| Konu: | Çevre Kanunu ve Bazı Kanunlarda Değişiklik Yapılmasına Dair Kanun Teklifi münasebetiyle |
| Yasama Yılı: | 2 |
| Birleşim: | 20 |
| Tarih: | 21.11.2018 |
HDP GRUBU ADINA OYA ERSOY (İstanbul) - Genel Kurulumuzu saygıyla selamlıyorum.
Evet, şu an HDP Grubu adına Çevre Kanunu ve Bazı Kanunlarda Değişiklik Yapılmasına Dair Kanun Teklifi'ne ilişkin görüşlerimizi anlatmak üzere söz almış bulunuyorum.
Öncelikle şunu belirtmek istiyorum: Evet, bu saatte tartışılması handikaplı olarak, biraz önce Sayın Başkan tarafından da ifade edilmiş. Bu memleketin geleceği açısından bu kadar önemli bir teklif hakkında şu ana kadar çok fazla değişiklik yapıldı. Yine bir torba yasayla karşı karşıyayız ve bu teklifle Çevre Kanunu, İmar Kanunu ve Afet Riski Altındaki Alanların Dönüştürülmesi Hakkında Kanun'da daha önce de defalarca yapılan değişikliklere bir değişiklik daha eklemek üzere buradayız.

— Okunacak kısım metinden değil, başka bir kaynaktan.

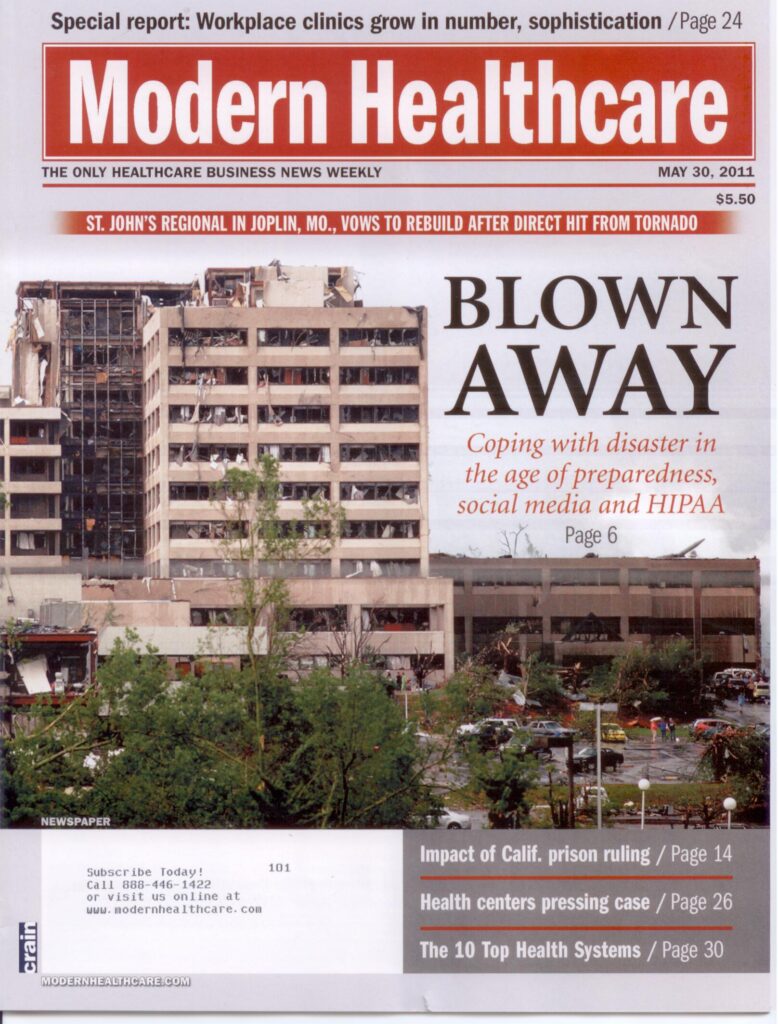 Modern Healthcare Magazine cover, May 28, 2011, detailing emergency preparedness during Joplin tornado
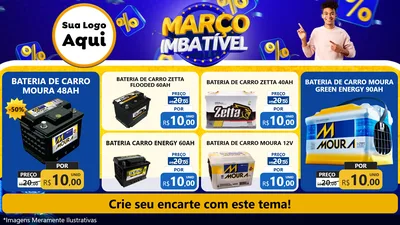 Modelo de TV para TV Horizontal com o tema Março Imbatível para Baterias Elétricas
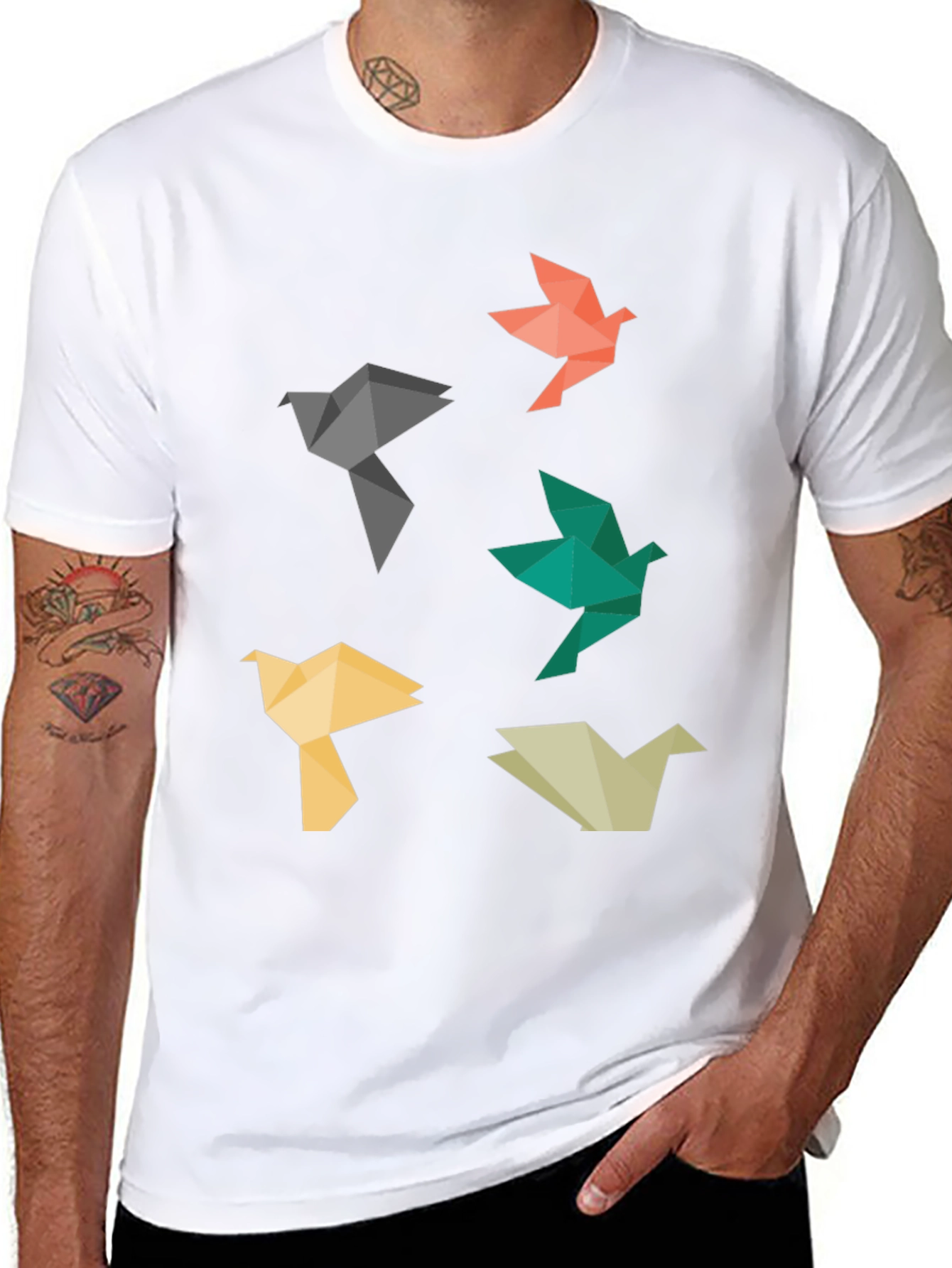 Origami Bird Graphic Tee - Black Casual T-Shirt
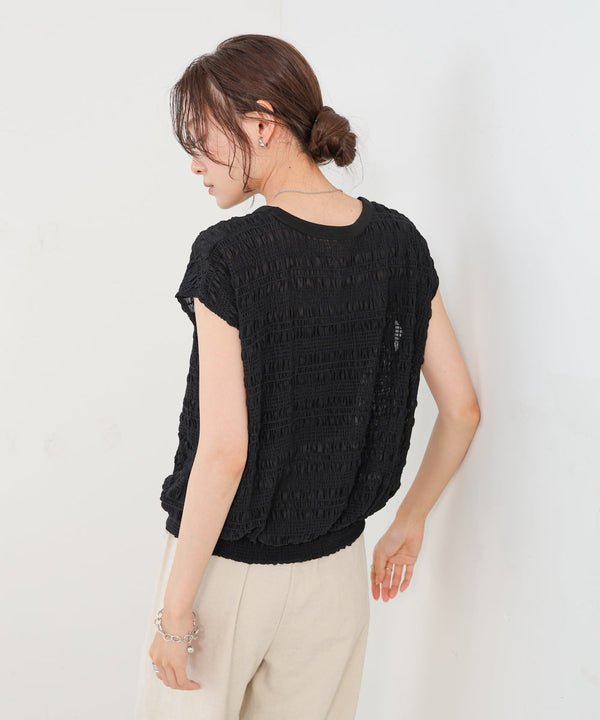 シャーリング切り替えトップス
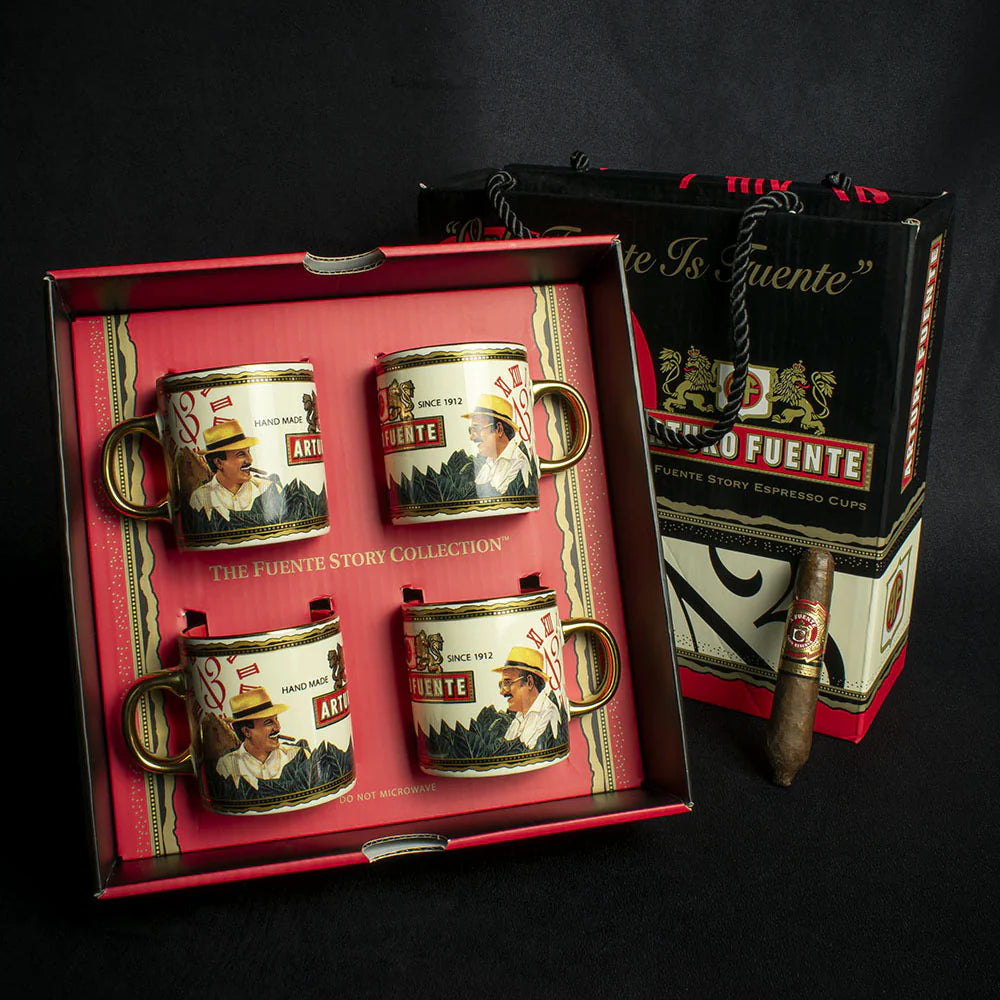 Arturo Fuente 4 Espresso Mug Set + Short Story Cigar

Bugüne kadar yapılan bütün değişiklikler demek ki yeterli gelmemiş, hâlâ yeni düzenlemeler yapma peşindeyiz. Çünkü bütün bu düzenlemelerde gerekçelerimizin merkezinde yani iktidar partisinin gerekçelerinin merkezinde şirketlerin ihtiyacı yatıyor. O şirketler ki daha fazla kâr için yağmaya ve talana doymuyor. O nedenle, sürekli onların daha fazla kâr etmesi için birtakım değişikliklere ihtiyaç duyuluyor. Doğal olarak da bütün bu yaptığınız düzenlemeler, bu ve bundan öncekiler de dâhil, halka zarar, doğaya zarar, ekolojiye zarar. Bu nedenle de bizler bu kanun teklifinin reddedilmesi gerektiğini savunuyoruz ve neden karşı olduğumuzu gerekçelerimizde sizlere tek tek anlatacağız.

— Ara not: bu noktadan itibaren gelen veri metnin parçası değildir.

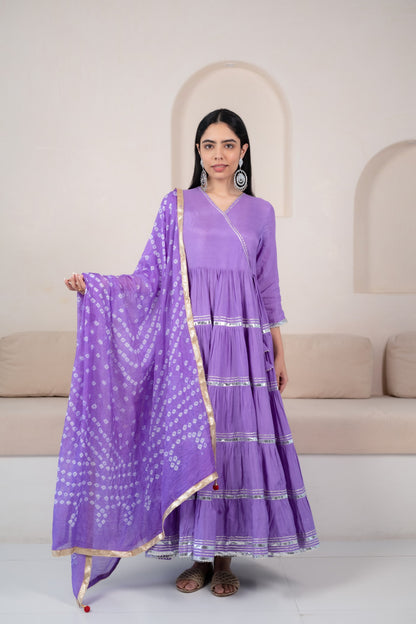 Womenâ€™s Lavender Angrakha Kurta set by Myshka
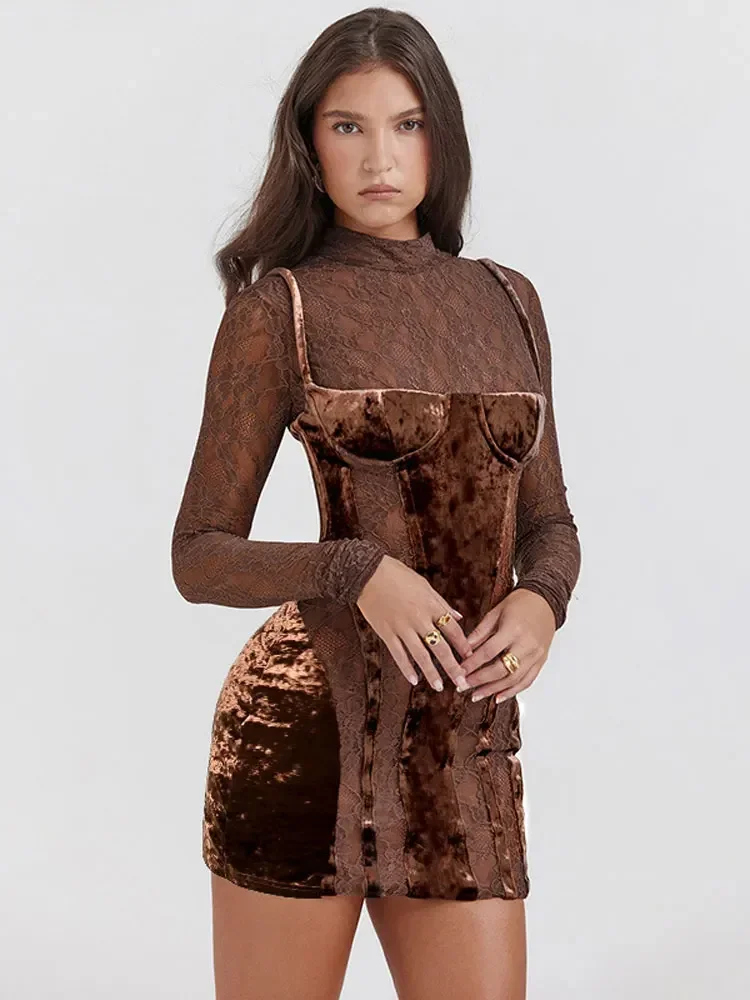 Sexy Lace Velvet Patchwork Mini Dress Women Elegant Stand Collar Long Sleeve Bodycon Dress 2023 Lady Chic See Through Party Robe 
Sexy Lace Velvet Patchwork Mini Dress Women Elegant Stand Collar Long Sleeve Bodycon Dress 2023 Lady Chic See Through Party Robe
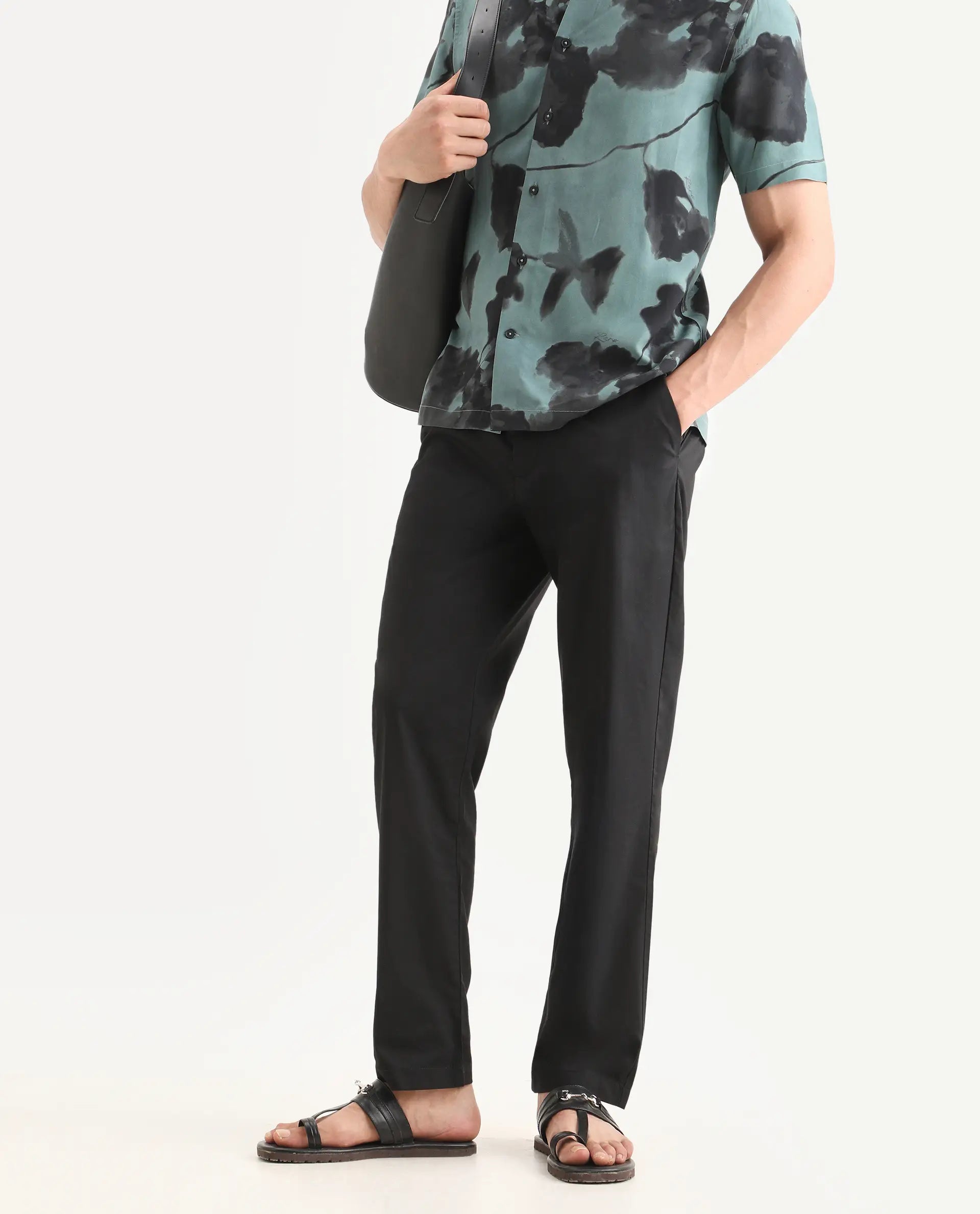 Rare Rabbit Men Bene Black Cotton Blend Fabric Button Closure Straight Fit Plain Trouser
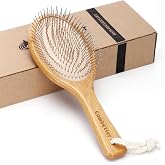 Combetter Bamboo Brush with Metal Bristles, Smoothing &amp; Scalp Massage | Natural Wood Brush with Metal Bristles &ndash; Smooths Hair, Anti-Static &amp; Detangling Brush for Women, Men &amp; Children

Şimdi, bu kanun teklifinin şirketler için düzenlendiğini de nereden çıkarıyorsun diyebilirsiniz. Sizin kanun teklifinizin genel gerekçesinde yazdıklarınızdan çıkarıyorum. Şöyle diyorsunuz gerekçenizde: "Bu değişiklikler büyüyen sektöre ve ekonomiye daha uygun yapılmış ve yapılmaktadır." Zaten, konunun başında niyetinizi açıkça koymuşsunuz, geri kalan kısmını da bu niyetle okumaya devam edeceğiz. Biz de sizden bu kanun teklifini savunurken şu sorularımızın yanıtlarını dinlemek isteriz: Neden, çevreyle ilgili bir kanun teklifinde çevre ve doğa konu olamıyor?
Bildiğiniz gibi, uluslararası birçok çevre ve ekoloji sözleşmelerine imza atarak çeşitli yükümlülükler üstlendik. Bu kanun tekliflerini hazırlarken bunları ne kadar dikkate alıyorsunuz? Yoksa uluslararası sözleşmelerden doğacak yükümlülüklerden kaçınmak için mi bu düzenlemeleri getiriyorsunuz?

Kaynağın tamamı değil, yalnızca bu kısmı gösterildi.